Indonesiasurya.com || Kupang - Dekranada Provinsi NTT mengelar Parade Tenun “NTT Berwarna 2025” dengan tema “Tenun, Cinta, dan Budaya untuk Ibu Pertiwi” dalam suasana gembira tersebut Gubernur NTT Melki Laka Lena serukan stop kekerasan terhadap perempuan dan anak serta pencegahan HIV/AIDS
Acara yang digelar dalam rangka HUT ke-67 Provinsi Nusa Tenggara Timur dan Hari Ibu Nasional 2025, Sabtu 13 Desember 2025. mengusung subtema “Merajut Harmoni dalam Kreativitas dan Keberagaman”
Dekranasda Provinsi bersama Tim Penggerak PKK Provinsi NTT menjadi motor utama kegiatan melibatkan. 22 kabupaten kota se-NTT.
Peserta parade secara resmi dilepas Gubernur NTT Melki Laka Lena didampingi Wakil Gubernur Johni Asadoma dari Halaman Kantor Gubernur NTT pukul 07.00 WITA.
Parade tenun melintasi jalur Car Free Day (CFD) Jalan El Tari dan berakhir di Halaman Rumah Jabatan (Rujab) Gubernur NTT.

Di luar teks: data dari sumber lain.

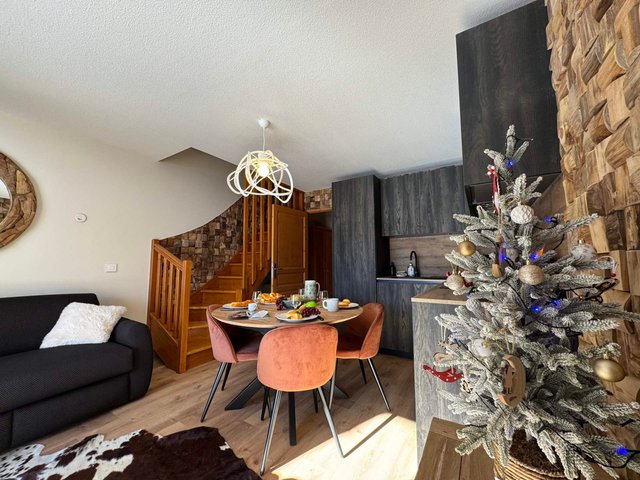 Résidence LE HAMEAU DES RENNES - Vars
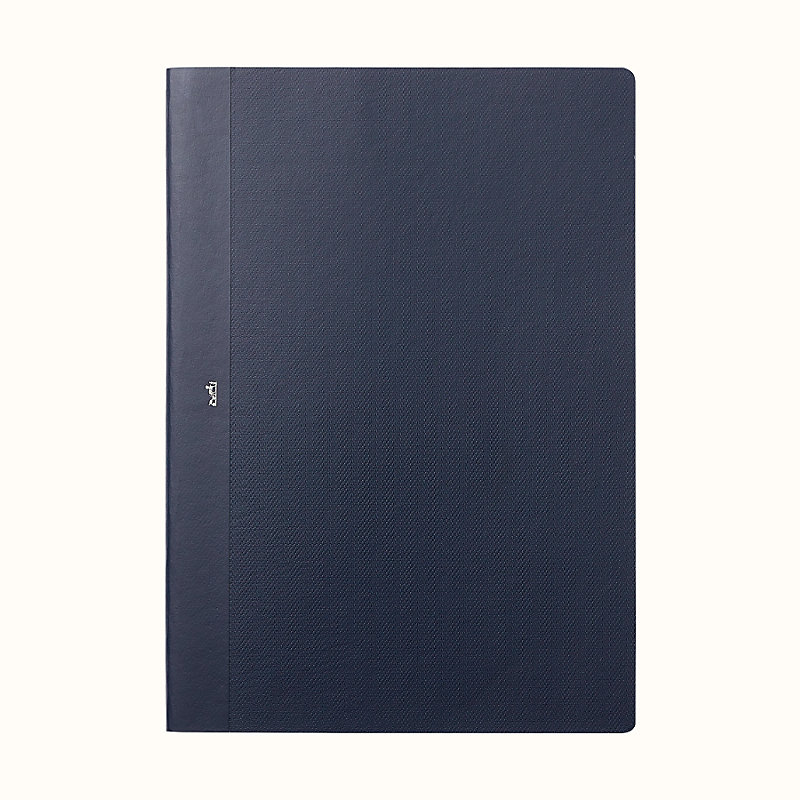 hermes writing pad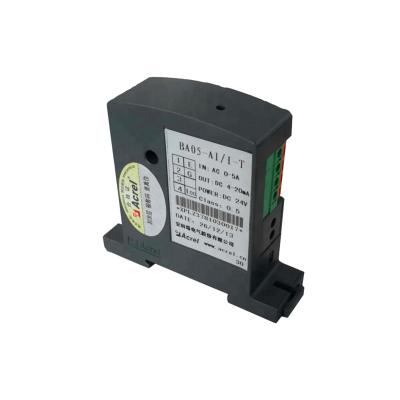 China BA Current Series Industrial Automation AC Transmitter Current Transformer BA05-AI/I for sale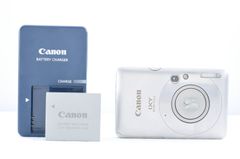 美品 Canon IXY Power Shot A2400 IS PC1731 コンパクトデジタルカメラ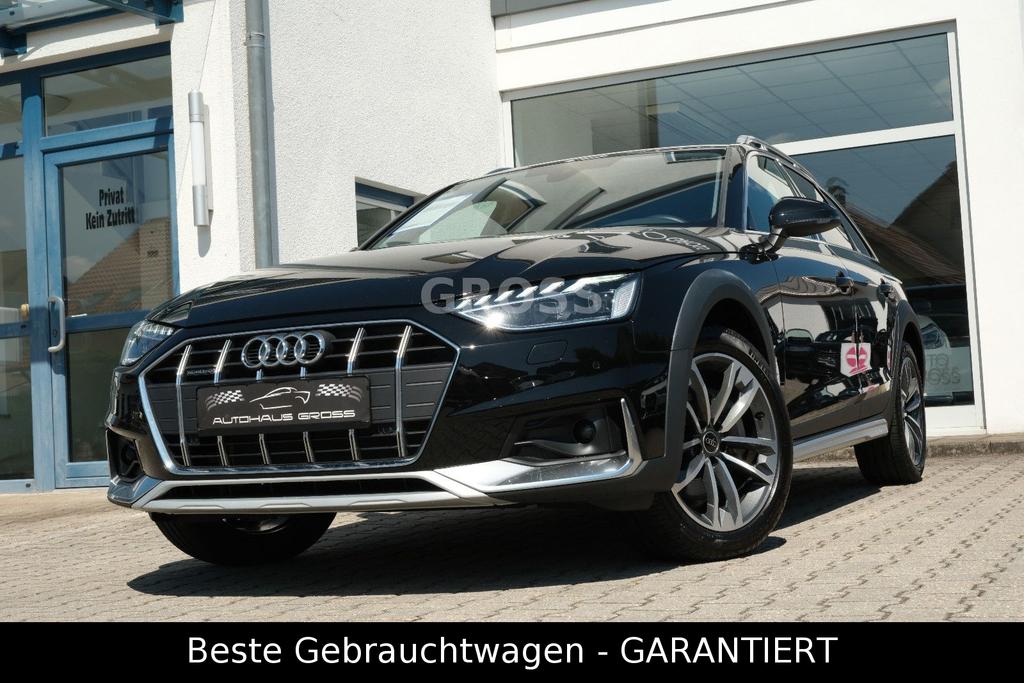 Audi A4 allroad 2023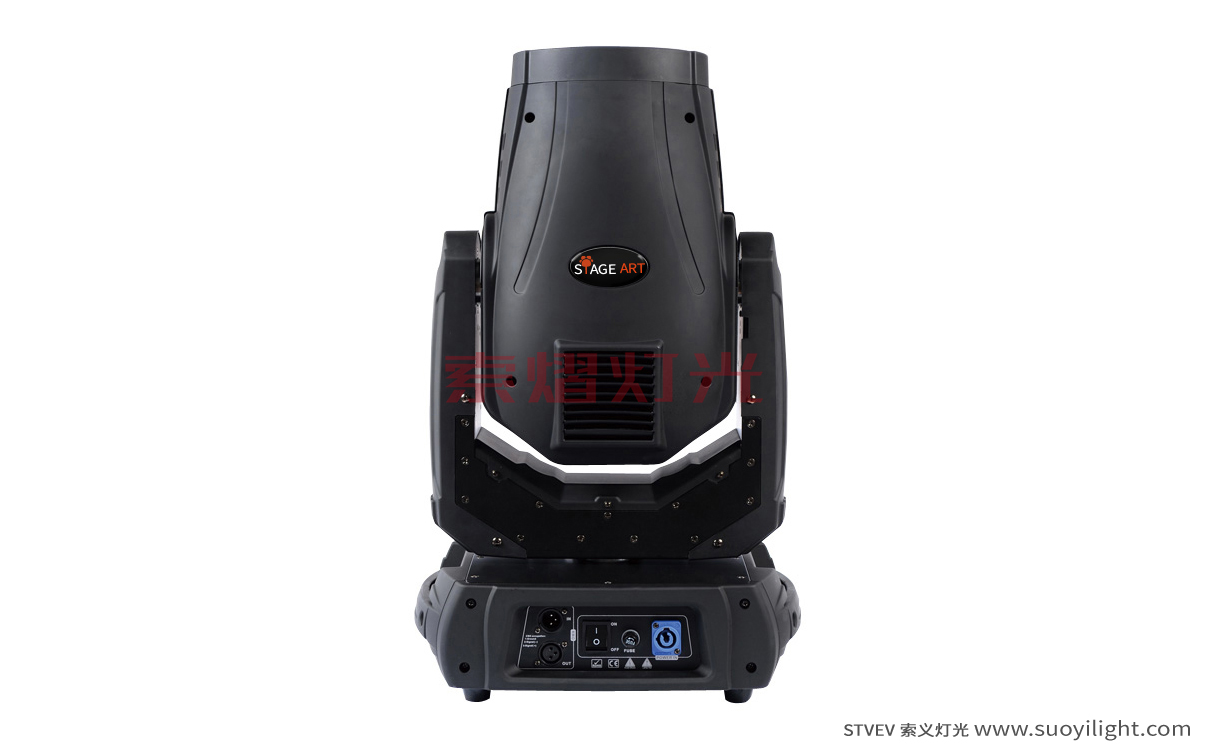 Kuala-Lumpur18R 380W Moving Head Light(3in1)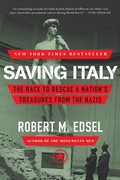 Cover: Saving Italy - W. W. Norton & Company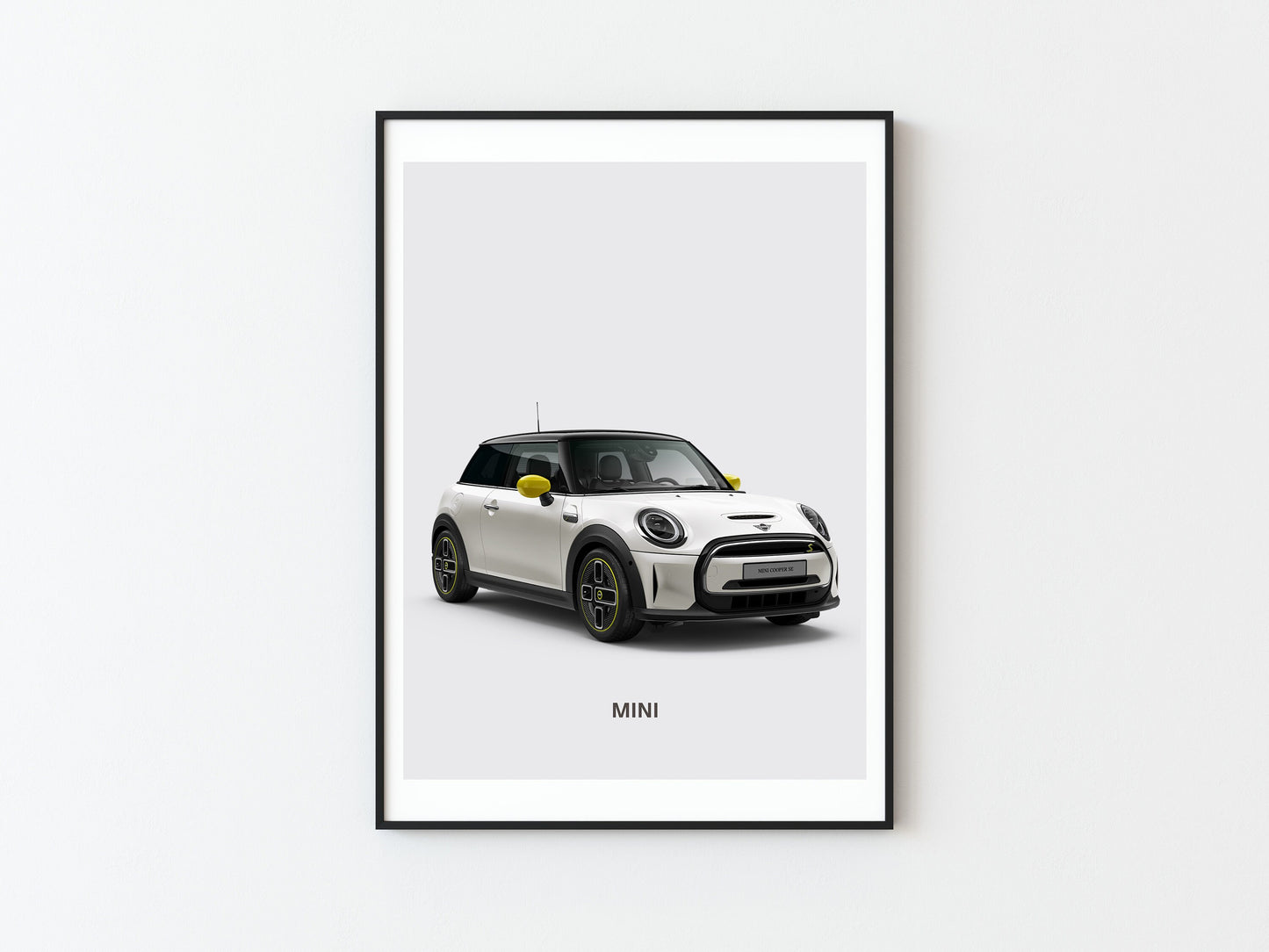 MINI COOPER SE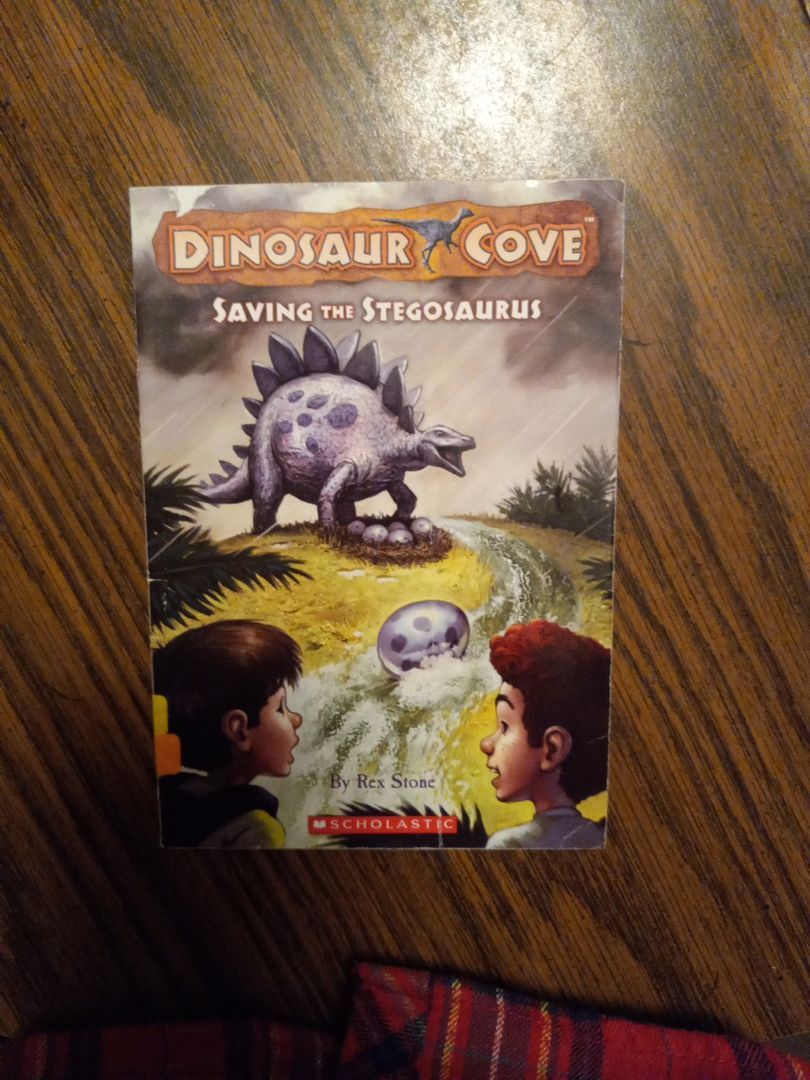 Saving the Stegosaurus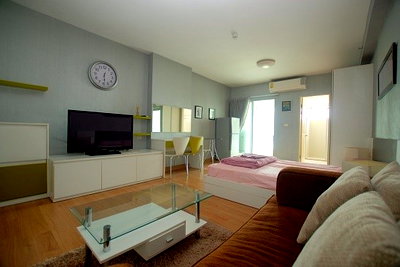 Condos for rent : Condo for Rent: Supalai Park Asoke-Ratchada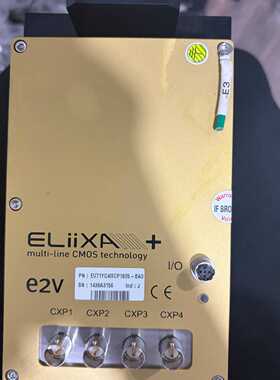 E2V ELiiXA线阵相机 EV71YC4MCP1605—议价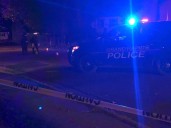 Hombre abre fuego contra policías de GR y estos responden con fuego, sujeto muere en el hospital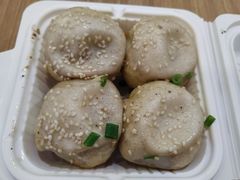 小杨生煎-小杨生煎(成山巴黎春天店)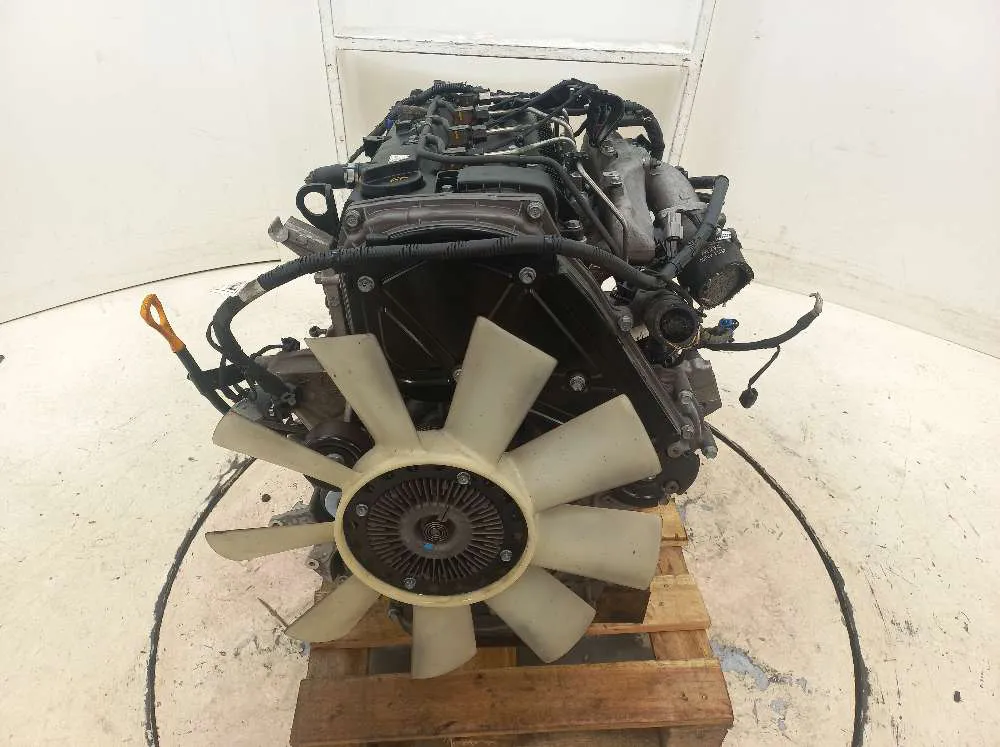 Motor completo Kia Bongo
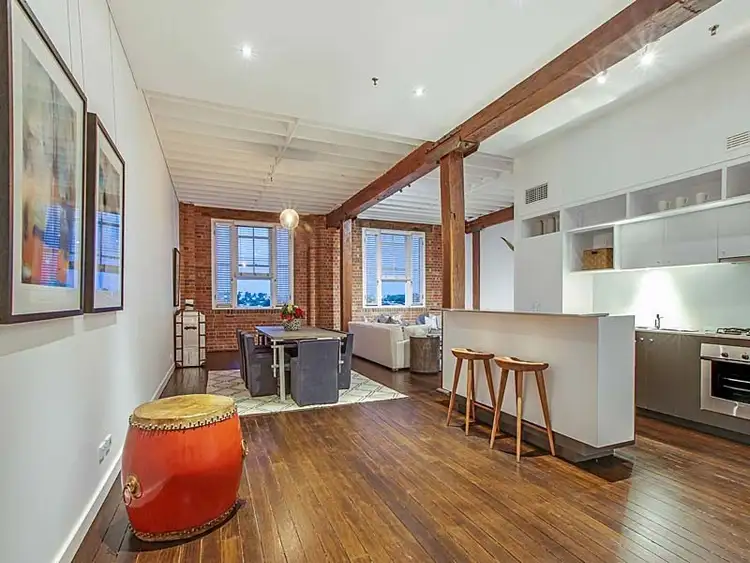 Second view of Homely apartment listing, 88 Macquarie Street, Teneriffe QLD 4005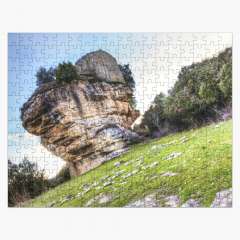 Castell De La Popa (Stern Castle) - Jigsaw Puzzle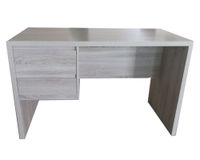 Escritorio 2 cajones natural 1 M+Design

Banyak busana tenun ikat dari 22 kabupaten/kota se-NTT ditampilkan
Berbagai instansi, lembaga, dan komunitas masyarakat, hadir dalam kegiatan tersebut.
Tampak hadir Ketua DPRD NTT Emi Nomleni, Ketua TP PKK/Ketua Dekranasda NTT Ny. Mindriyati A. Laka Lena, serta jajaran pimpinan perangkat daerah Pemprov NTT
Dalam sambutan Gubernur Melki menyebut tenun ikat bukan sekadar produk budaya, tetapi identitas dan kebanggaan masyarakat NTT yang diwariskan lintas generasi oleh para ibu penenun.
“Tenun adalah simbol ketekunan, kasih, dan doa mama-mama penenun" ungkap Laka Lena
Ini warisan yang harus kita jaga dan lestarikan, lanjutnya.
Selain promosi budaya, panitia juga menggalang dana kemanusiaan untuk korban bencana di Sumatera, serta menggaungkan kampanye stop kekerasan dan pencegahan HIV/AIDS.
Parade ditutup dengan tarian Ja’i bersama, pembagian door prize, serta pengumuman pemenang lomba parade dan maskot dari berbagai kategori instansi dan komunitas.
Sebelum parade, Gubernur Melki juga melepas Lomba Lari 5K Putra Putri SDK Don Bosco (PAPIDOS) sebagai bagian rangkaian HUT ke-67 Provinsi NTT.
Dia menyebut kegiatan olahraga menjadi sarana memperkuat kebersamaan sekaligus menjaring bibit atlet menuju NTT sebagai tuan rumah PON XXII bersama NTB.
“Kegiatan seperti ini penting untuk kesehatan, kebersamaan, dan mencari atlet-atlet muda potensial asal NTT,” pungkas Melki.